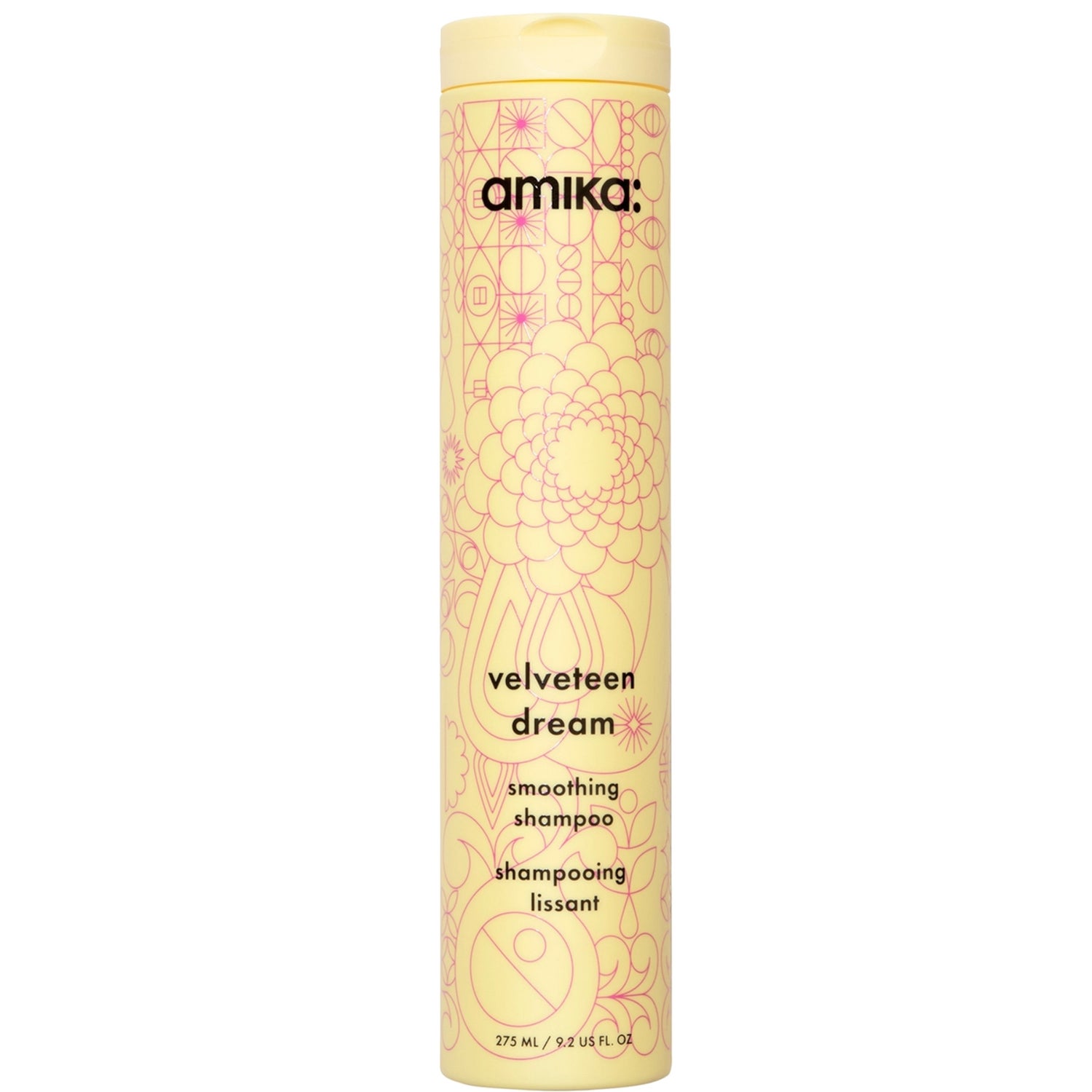 amika Velveteen Dream Smoothing Shampoo | Cult Beauty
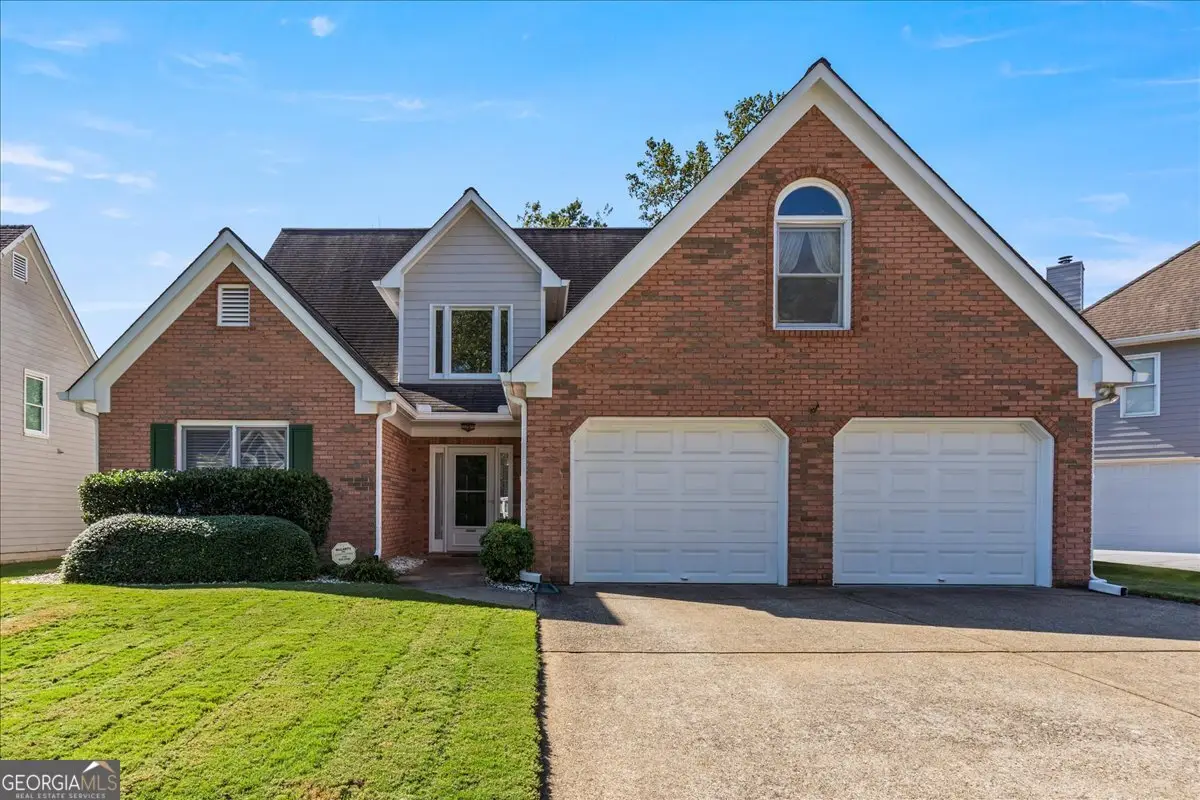 1009 Brentmoor Lane Nw, Kennesaw, GA 30144 - Image #1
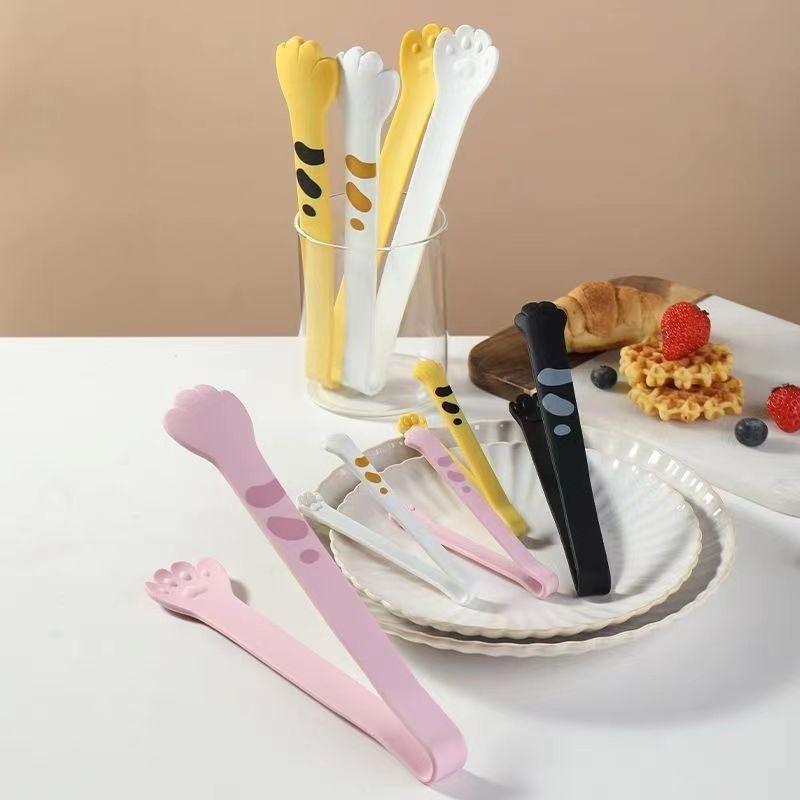 1Pc Creative Cute Cat Claw Foo - Home Cooking For Cats review and price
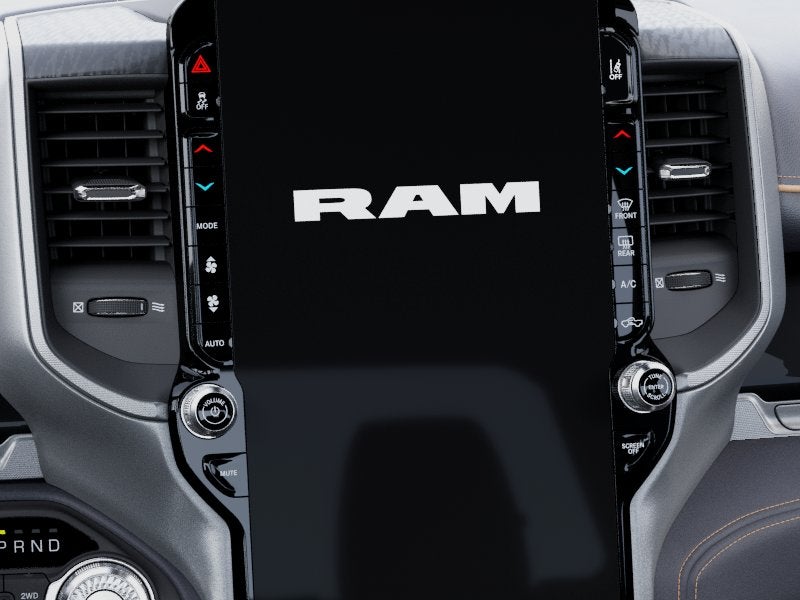2025 RAM 1500 Tungsten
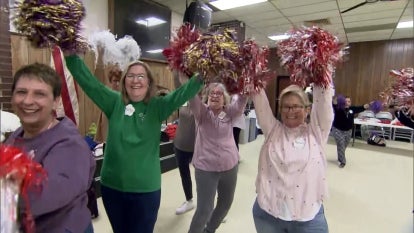 Dancing Grannies Set to Return for St. Patrick’s Day Parade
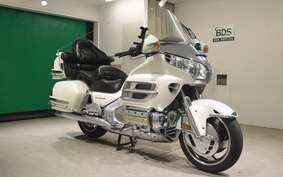 HONDA GL 1800 GOLD WING 2004 SC47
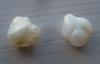Pair of Natural USA Freshwater Pearls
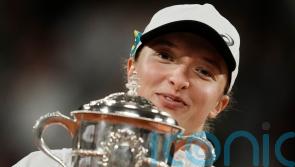 Iga Swiatek: Record winning streak makes French Open triumph even more special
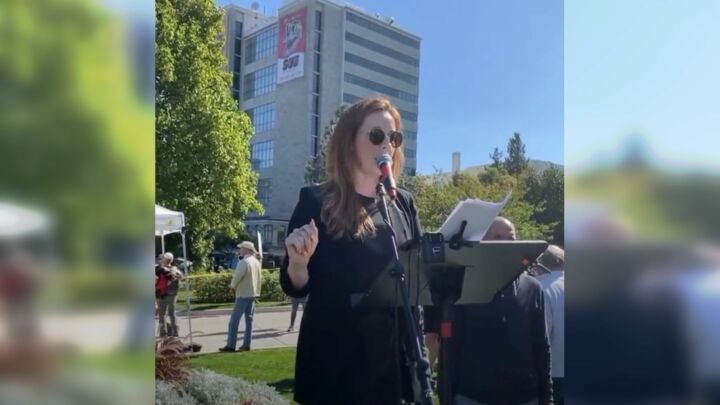 Canada’s parents will not be silenced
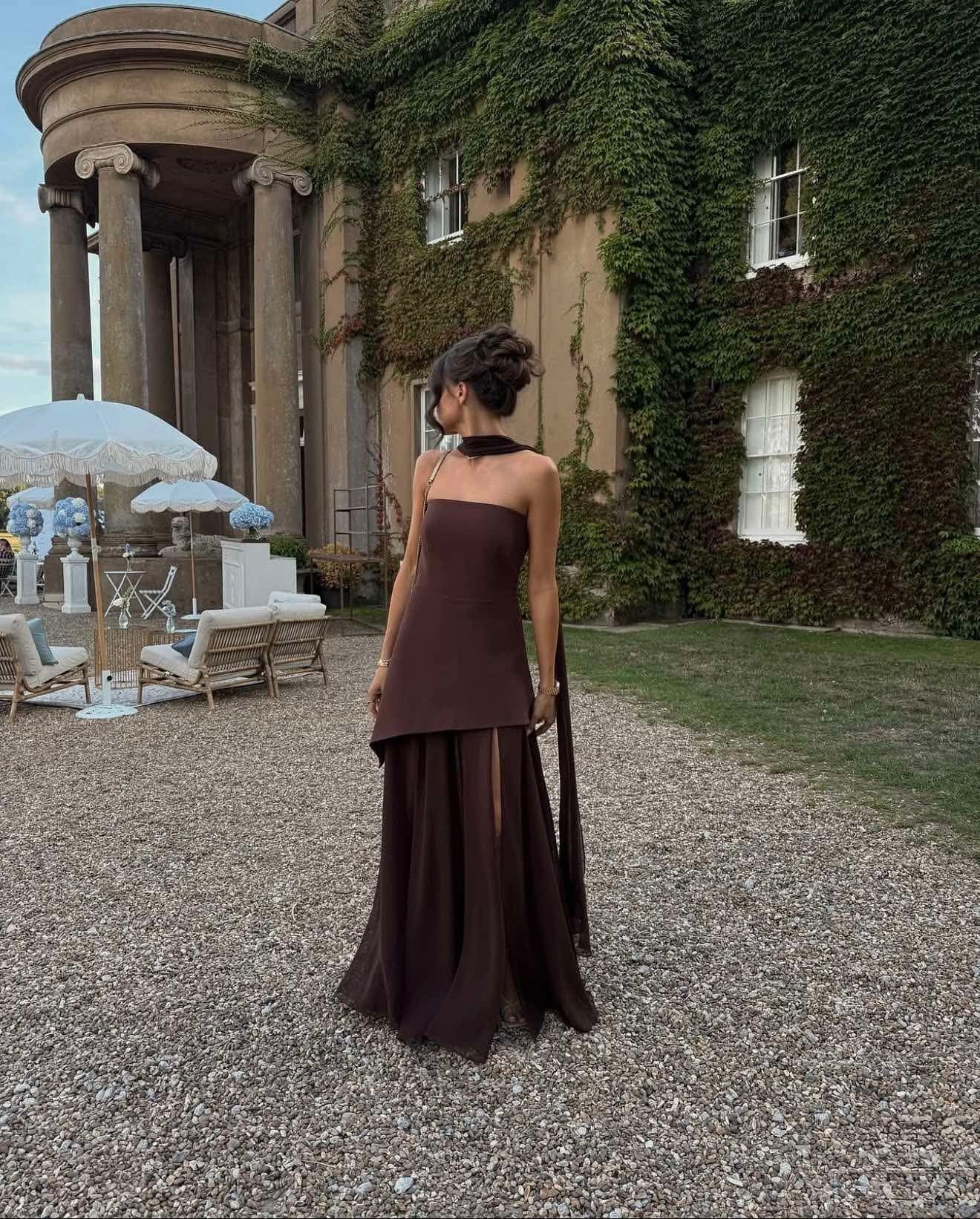 VESTIDO GRETA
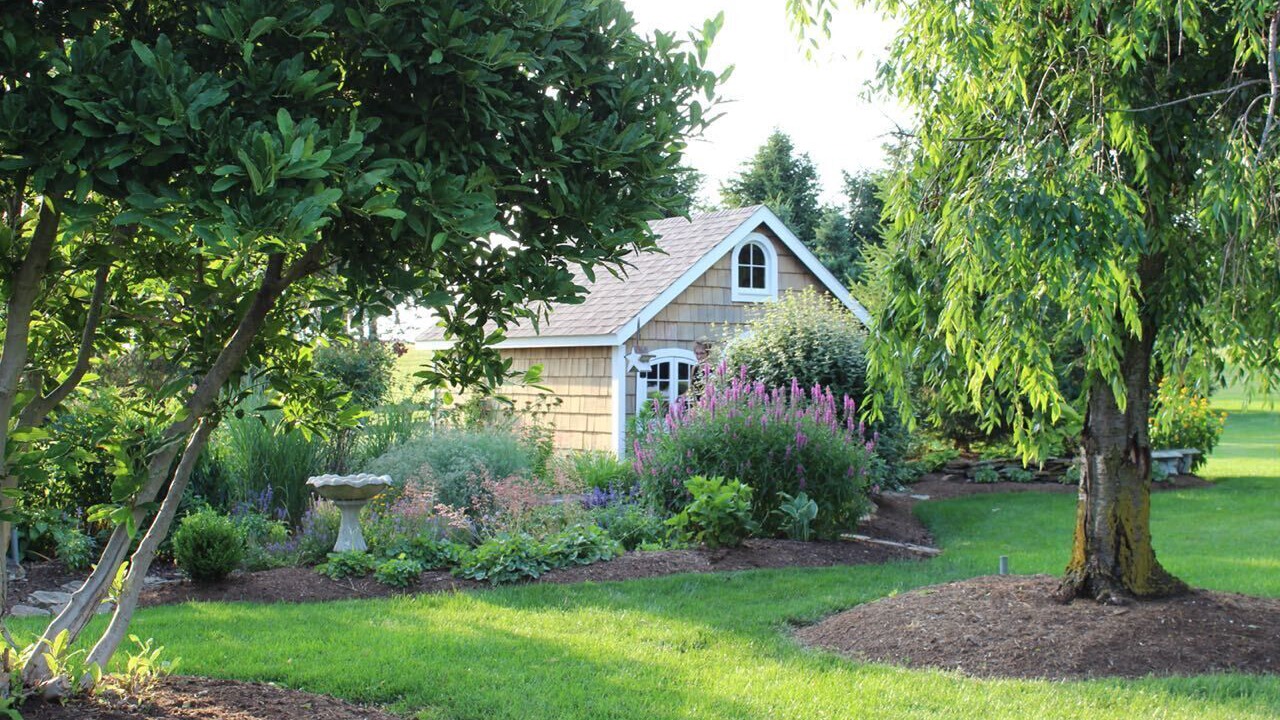 Photo of Outdoor in Gordonville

-------

**Activity:** Omit all pictures and write out, exactly, only the lines from the line containing "Iga Swiatek: Record" through the last line of the entries above.

**Response to this task:**
 Iga Swiatek: Record winning streak makes French Open triumph even more special
 Canada’s parents will not be silenced
 VESTIDO GRETA
 Photo of Outdoor in Gordonville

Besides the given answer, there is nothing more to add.